Emerging from Harlem, New York City where she was born and raised, activist and literary artist Audre Lorde left a lasting impact within the civil rights movements of the 1960s as a Black, lesbian woman.

Lorde had attended various colleges successfully earning her degree in library sciences at Columbia University in 1961 where she then proceeded to fulfill her career as a librarian and a professor. While Lorde’s writing is expansive having scholarly essays, speeches, and books published, she is most well known for her poetry, often deemed “protest poetry” where she raises awareness to the importance of intersectionality within feminism and queer communities. Eloquent and poignant, Lorde articulates the class struggles that she had faced not just from society as a whole, but from the segregated communities in which she is a part of. 

One of my favourite poems that I had recently read in a collection of poems written by Audre Lorde is her poem titled “Who Said It Was Simple, initially published in her book From a Land Where Other People Live in 1973. She writes from the perspective of a bystander at a women’s rights rally criticizing the privileges of white women and their tendency to uplift themselves at the expense of oppressing others. Lorde’s poem tackles the issue of inauthentic activism, and how the exclusion of others is not true to the movement. 

There are so many roots to the tree of anger   
that sometimes the branches shatter   
before they bear.
Sitting in Nedicks
the women rally before they march   
discussing the problematic girls   
they hire to make them free.
An almost white counterman passes   
a waiting brother to serve them first   
and the ladies neither notice nor reject   
the slighter pleasures of their slavery.   
But I who am bound by my mirror   
as well as my bed
see causes in colour
as well as sex
and sit here wondering   
which me will survive   
all these liberations.
-From a Land Where Other People Live (1973)

From the opening metaphor of the poem, one can examine that this is a poem that is about the anger and frustrations that Black women experience from the exclusivity that they are subjected to. Using expansive roots and breaking branches to convey the feeling suggests that the resentment the speaker feels holds onto her the way that roots do. The anger gets to a point where it holds on so strongly that the opportunity for growth and flourishment is absent as suggested by the falling branches.

A line that struck out to me the most in the middle portion of the poem were stanzas 10 and 11;

“and the ladies neither notice nor reject   
the slighter pleasures of their slavery.” 

These lines appear to showcase the privileges that white women have over women of colour, and how they are oblivious to such prejudices as it does not affect them. White men will be more receptive to them despite their segregation, simply because they are white. Understanding this to be the root of the speaker's anger is understandable—such injustices should be spoken about as intersectionality is the only true pursuit of equality.

The final portion of the poem where the speaker shares her fears as a woman that is both Black and queer not knowing which part of herself will be uplifted in these civil liberties, suggests that she is not sure of if she will see the day of intersectionality in any of these social communities that she identifies with.

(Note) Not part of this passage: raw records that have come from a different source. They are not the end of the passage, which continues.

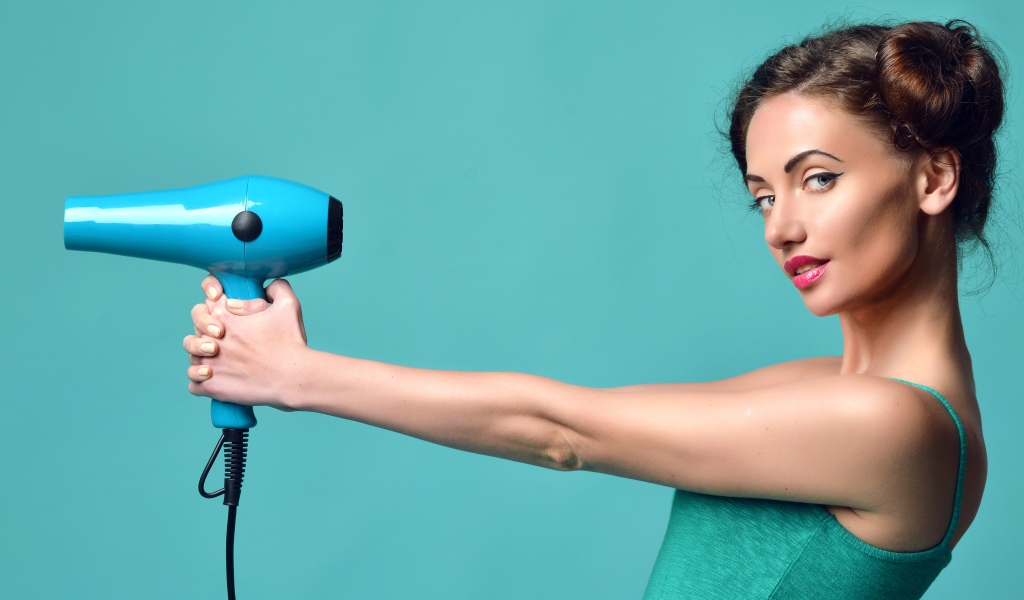 Beautiful girl with a hairdryer in hands on a blue background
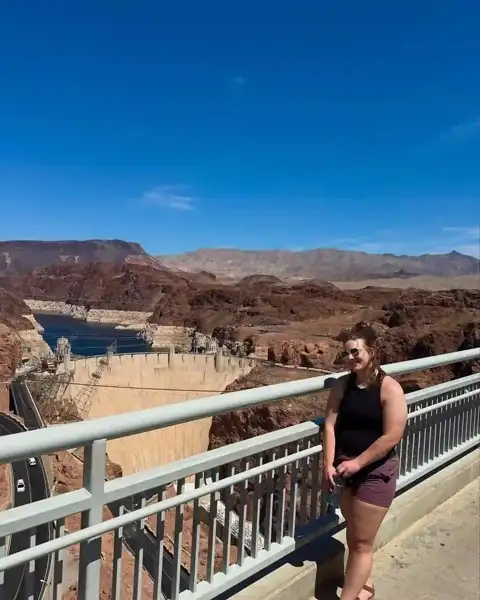 Guest overlooking Hoover Dam and Lake Mead from the bridge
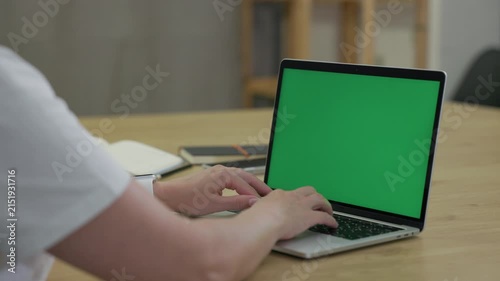 Woman Typing On Laptop Computer with Green Screen Chroma Key At Home Office Space. Female Freelancer Browsing Green Laptop Screen Using Keyboard and Touchpad
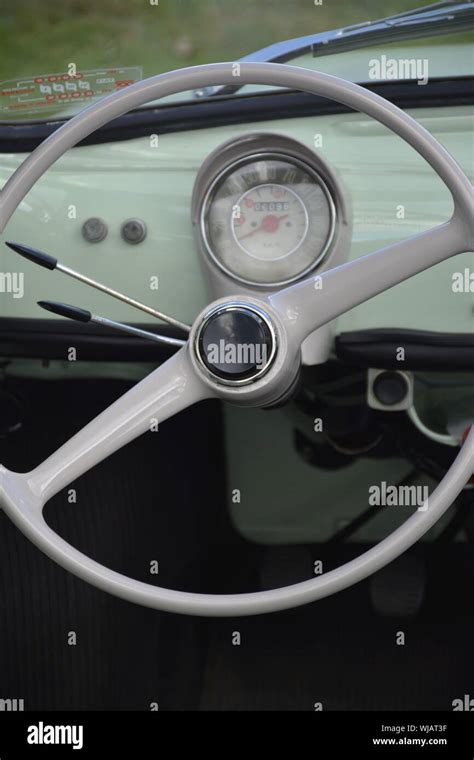 Interior detail of a Fiat Nuova 500 classic car showing the steering wheel speedometer and ...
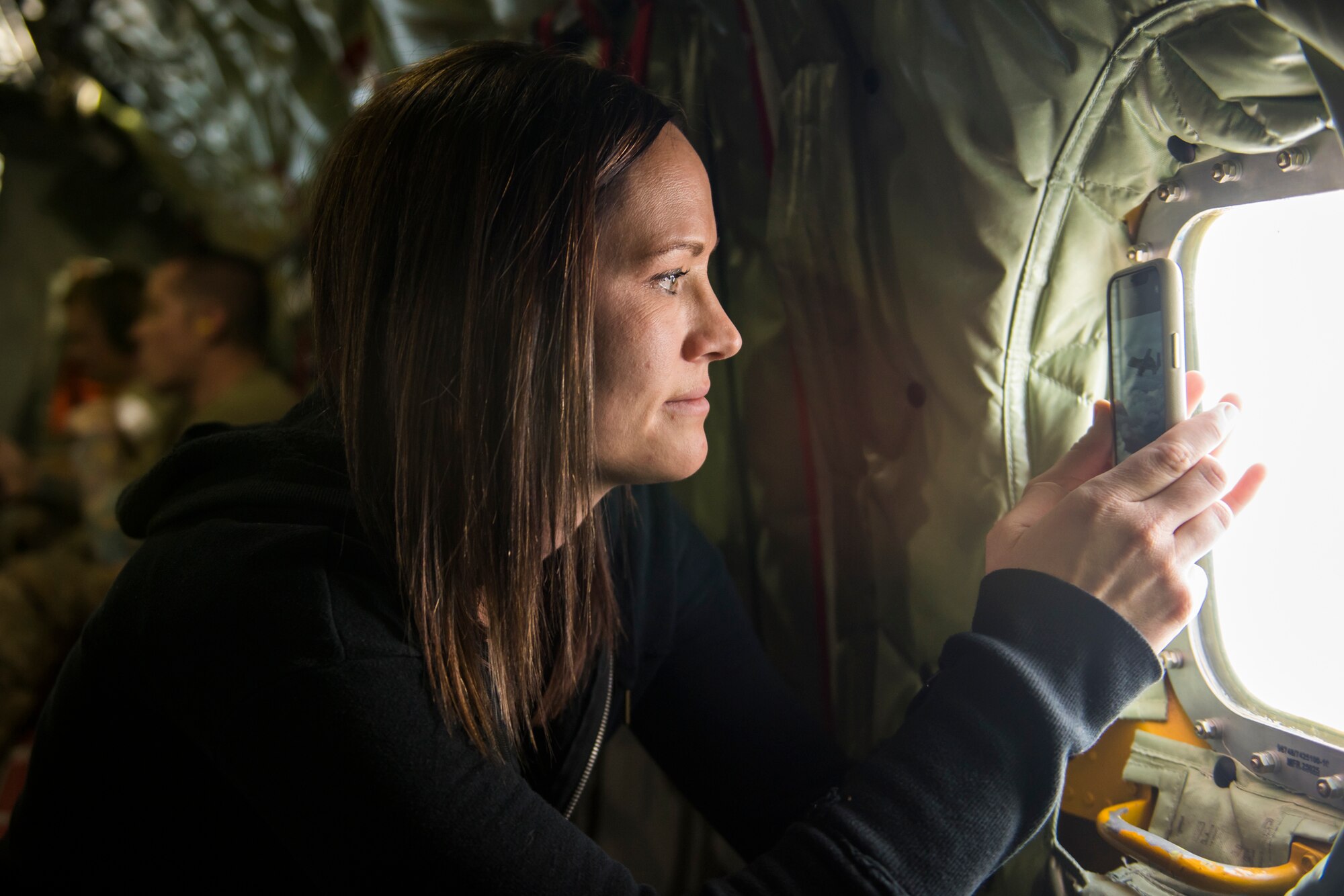 The wife of an Airman from the 124th Fighter Wing films an A-10 Thunderbolt || assigned to the 190th Fighter Squadron over Southwest Idaho, Dec. 7, 2019. The Idaho and Utah Air National Guard units collaborated to support an in-flight refueling experience for the spouses. (U.S. Air National Guard photo by Airman 1st Class Taylor Walker)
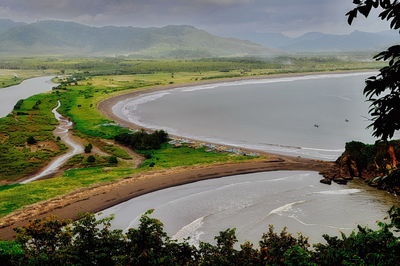 Scenic view of river by mountains against sky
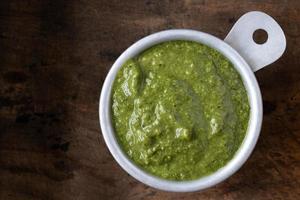 Basil Pesto in a Measuring Cup photo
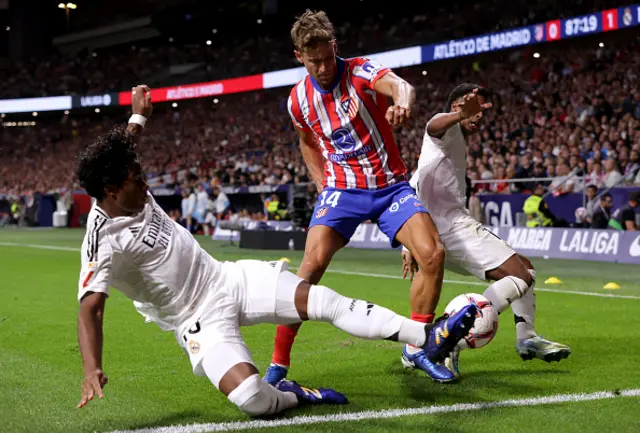 Marcos Llorente of Atletico de Madrid is challenged by Endrick and Rodrygo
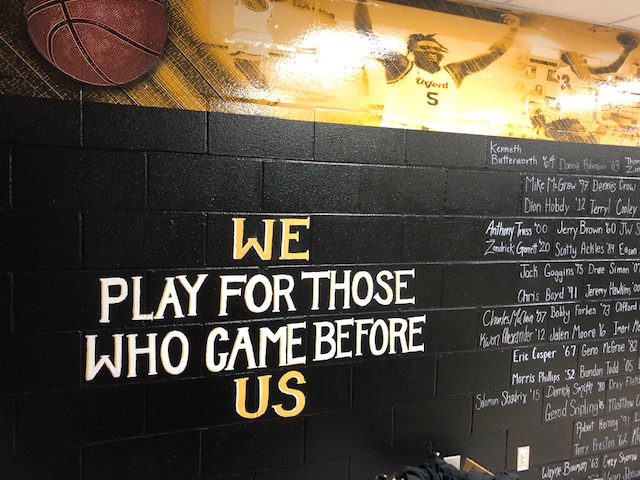 Here is a section of the wall in the Oxford basketball film room that recognizes all the former players in the program dating back to the 1940s.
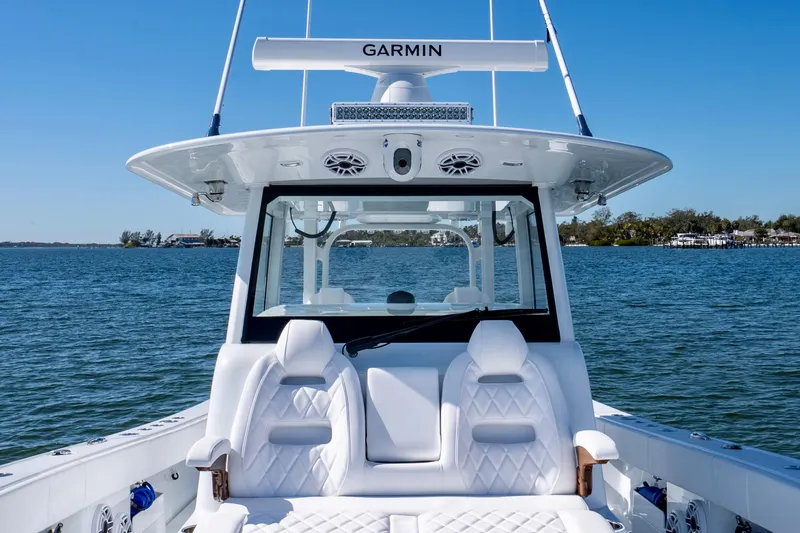 Slide: The Image of Luxury Freeman 35 boat interior, 2026 model, on calm blue waters under clear sky. - 29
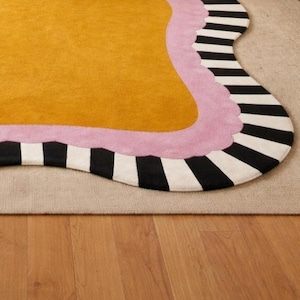 May include: A mustard yellow rug with a wavy edge, bordered by a light pink trim and a black and white striped pattern. The rug is placed on a neutral-colored carpet, with a wooden floor visible below.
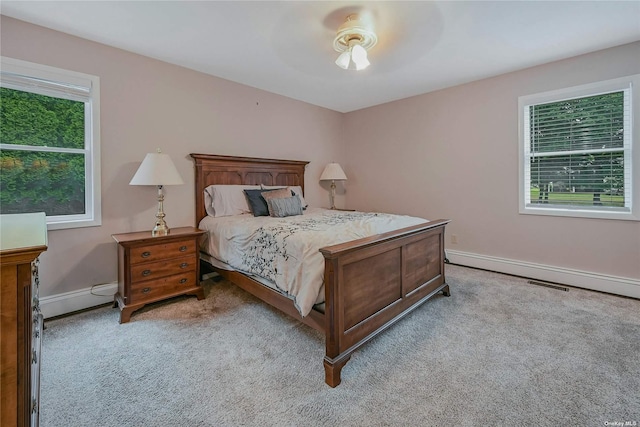 bedroom featuring ceiling fan, light carpet, and a baseboard heating unit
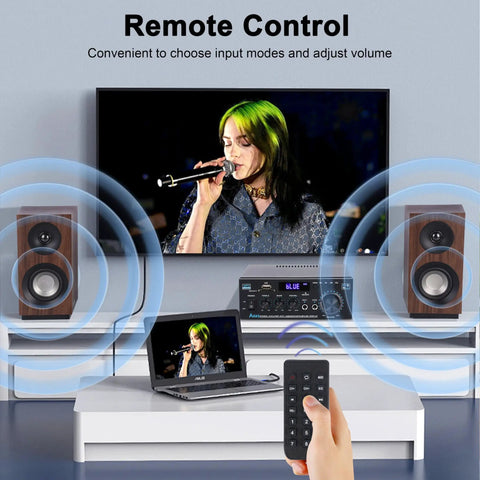 Living room setup with Dope Bluetooth 5.0 Stereo Amplifier 400W 2 Channel, remote control, speakers, laptop, and TV.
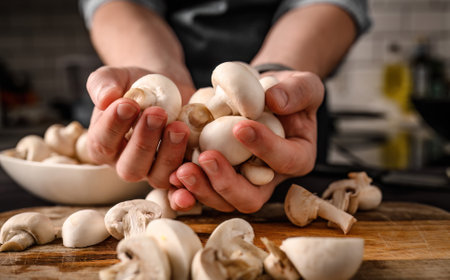 Chief man hands holding shampignons at kitchen. Restaurant professional with edible mushrooms from woodの写真素材
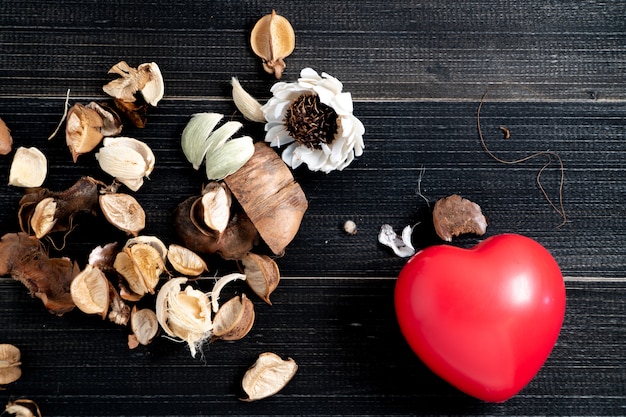 The red heart whit dried leaves and flower is placed on the left side of the black wood table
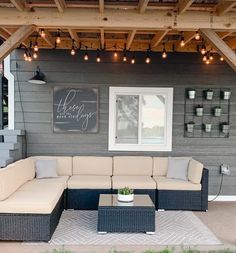 an outdoor living area with couches and lights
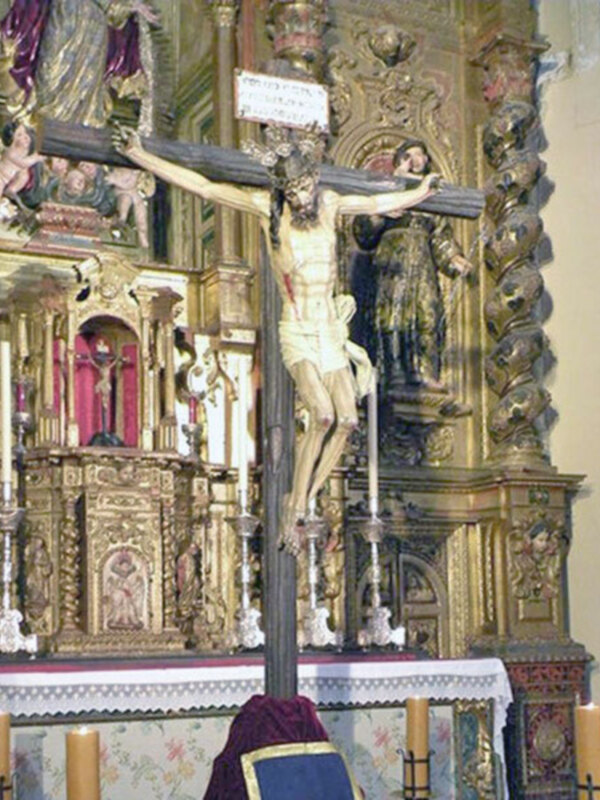 Imagen de un altar con estatuas religiosas y velas encendidas, enfocándose en la figura central de un Cristo crucificado. El estilo barroco y dorado destaca en el fondo, con detalles escultóricos elaborados.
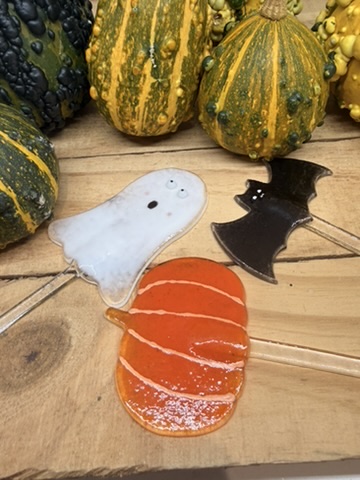 Fused glass ghost, bat and orange pumpkin decorations beside autumn gourds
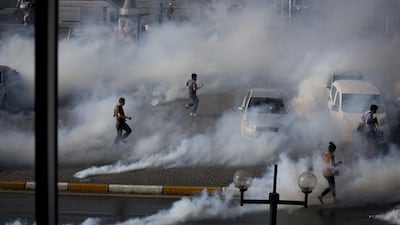 Protesters against the demolition of Gezi Park in Istanbul flee tear gas, May 2013. Ed Ou / Getty Images.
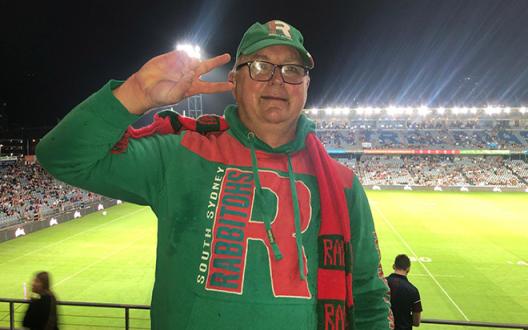 mike dressed in rabbitohs clothing at the stadium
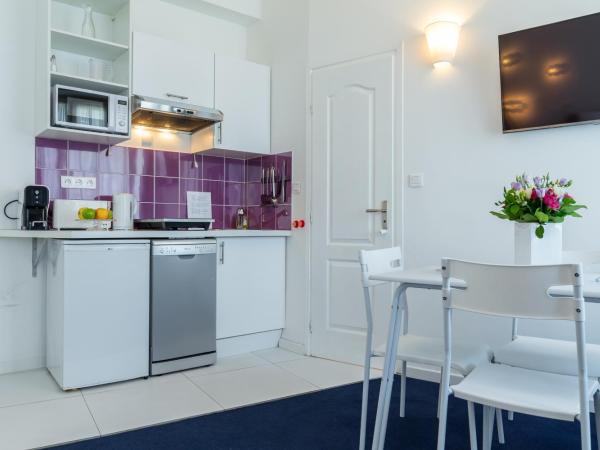 Nice Appart : photo 3 de la chambre studio familial – vue sur jardin (4 adultes)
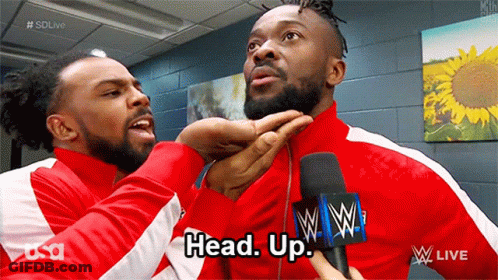 Two Men In Red Jackets Talking GIF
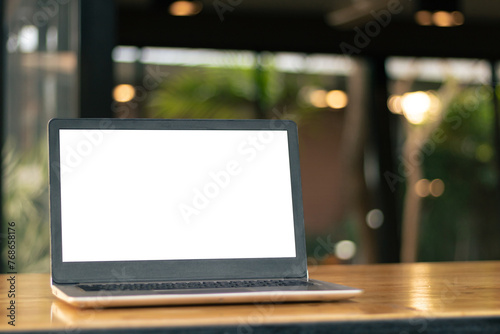 Laptop computer on desk at office or co-working space, Laptop with white blank on screen and blurred background , working space concept.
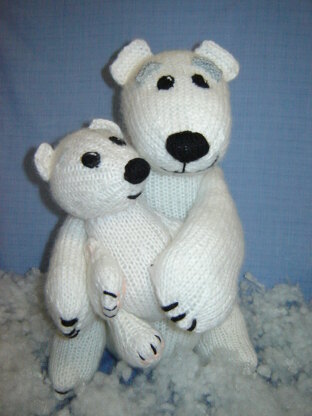 Knitted bear with a bear cub. What are the buttons for?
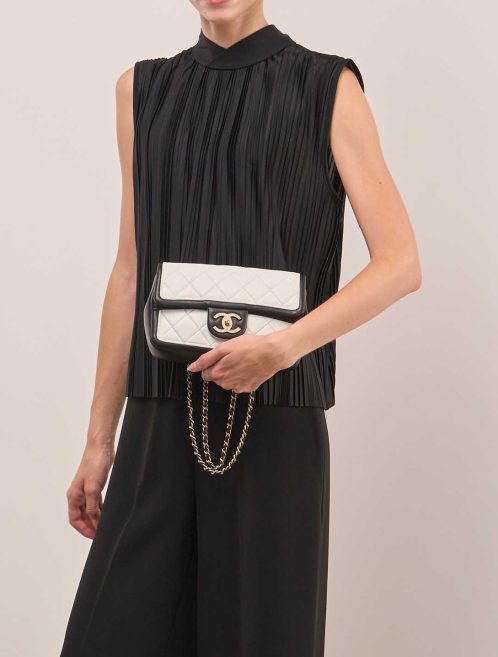 Chanel Timeless Mini Rectangular Lamb Black / White on Model | Sell your designer bag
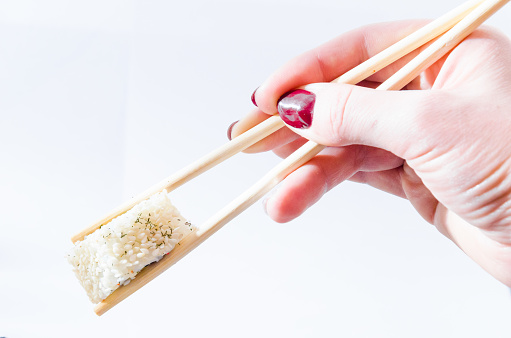 sushi on a white isolated background with chopsticks in hand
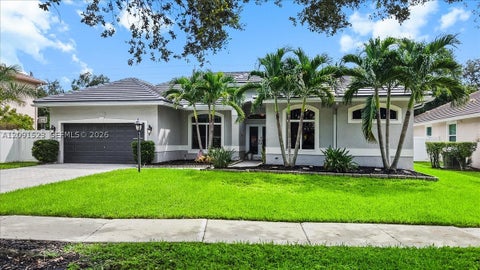Photo of 6982 Coronado Way, Pembroke Pines, FL 33331 (MLS # A12091523)
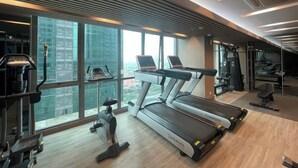 A modern gym with treadmills, stationary bikes, and a rowing machine. Large windows offer a view of the cityscape. - Staycation Jakarta Holland Village (Jakarta)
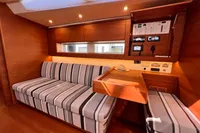 Luxurious interior of 2023 Solaris 50 yacht with striped seating and control panel.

This vulnerable poem is powerful, and can offer some perspective to all readers. Whether you may resonate with Lorde’s poem yourself with your own shared experiences or are a bystander to them, this empathetic poem is a powerful read that I believe should be recognized and encourage one to look further into the realm of activist poetry. The best way to educate oneself on such a subject is to listen to the experiences of those we may not share, or, if you do share the experiences of such a poem, to be able to use it as a form of healing or a stamp of recognition in knowing that you are not alone and that people have been fighting for your justice.

Audre Lorde was undoubtedly an incredibly influential modernist writer, and has become one of my favourite poets after reading her collections of essays and poetry. Lorde, like many other artists in the civil rights movement, should continue to be recognized for her brave and scholarly contributions to the discussion of intersectionality and empathy.